Thursday, November 16, 2006

Yesterday was another day to remember. First we drove to Fort Worth in the wind and had a nice light rain shower to clean our awfully dirty windshield. Got to the Oncology clinic where our daughter-in-law, Mary Kathryn, met us with a mask to keep her cold germs to herself. I didn't recognize her and wondered who was sitting next to Lou. Lou had her blood tested. MK had to go to a luncheon and missed the Doctor's visit. He reported that the CT scan showed nothing except the scar from the operation. He then performed a visual and digital exam and said there were no problems and she is clear for maintenance checkups with the next one due in three months. We got to see the blood tests and her white cells are all in the normal range and the red cells are just a little below normal. Lou asked about removing the port and he said it was a simple clinic procedure, that he couldn't do it today, but we will call and schedule it after Thanksgiving. Lou asked about getting a flu shot and they gave her one then. He told her that her hair would grow about one centimeter (one quarter-inch to me) a month. So by next March she should have a good head of hair.

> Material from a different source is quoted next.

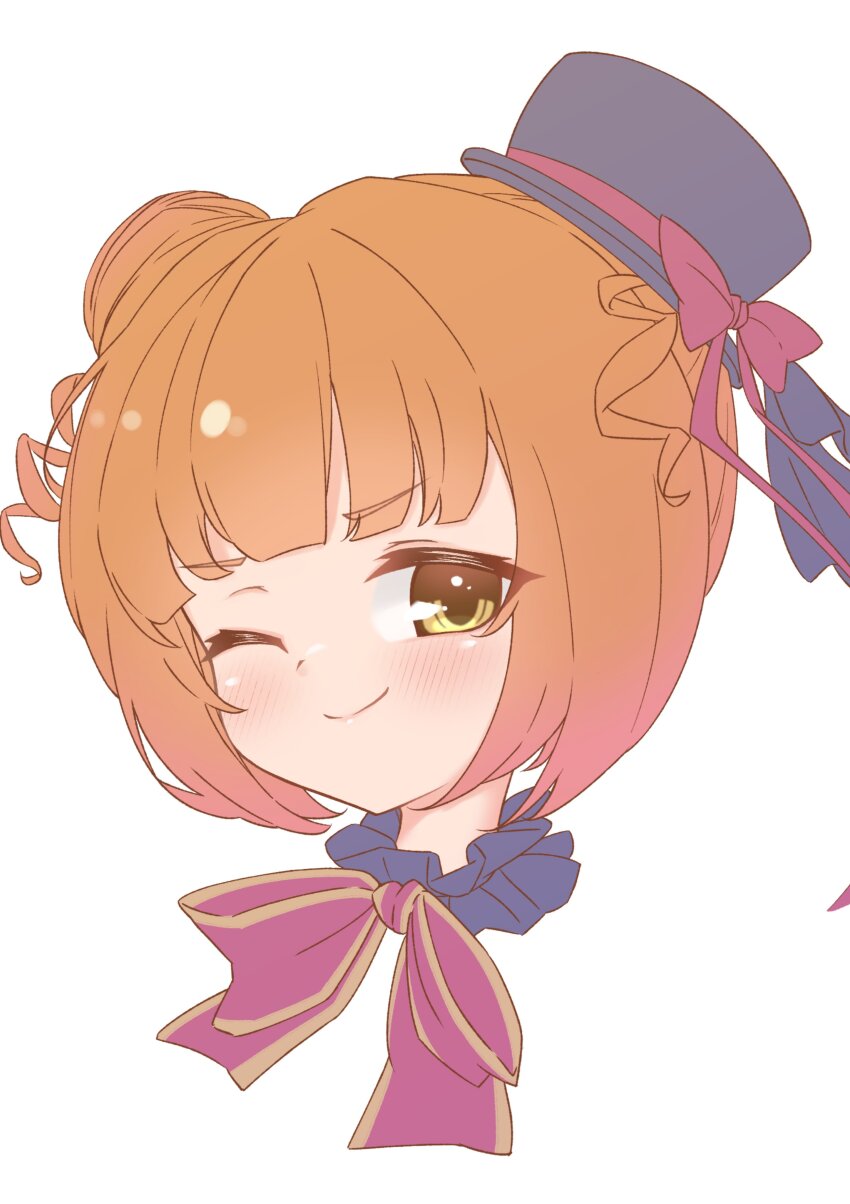 absurdres, black_choker, black_hat, choker, cropped_head, drill_hair, emil_chronicle_online, frilled_choker, frills, hair_bun, hat, hat_ribbon, highres, neck_ribbon, one_eye_closed, orange_hair, red_ribbon, ribbon, silver-index, smile, umbrella_alma, yellow_eyes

We had a 12:30 luncheon date in Denton, left TX Oncology at 11:45, got on I-35 expecting a parking lot and the Lord was with us. We had no traffic problems and got to the luncheon at the TWU Library at 12:35 in plenty of time. After the lunch we toured the Library to see the new arrangement on 2nd floor, rode to the Joyce Thompson Lecture with the new Librarian. Phyllis Bridges introduced Jane Roberts Wood, this year's lecturer with the announcement that Lou would have a book signing March 26, 2007 for her book JANE RUSHING. Wood's lecture was directed to the large student audience and was excellent. In the audience was Joyce Roach, last year's lecturer, Fran Vick, president of TIL, and we were surprized to see Jack and Elizabeth Duncan there. They are old Texas Folklore Society Friends.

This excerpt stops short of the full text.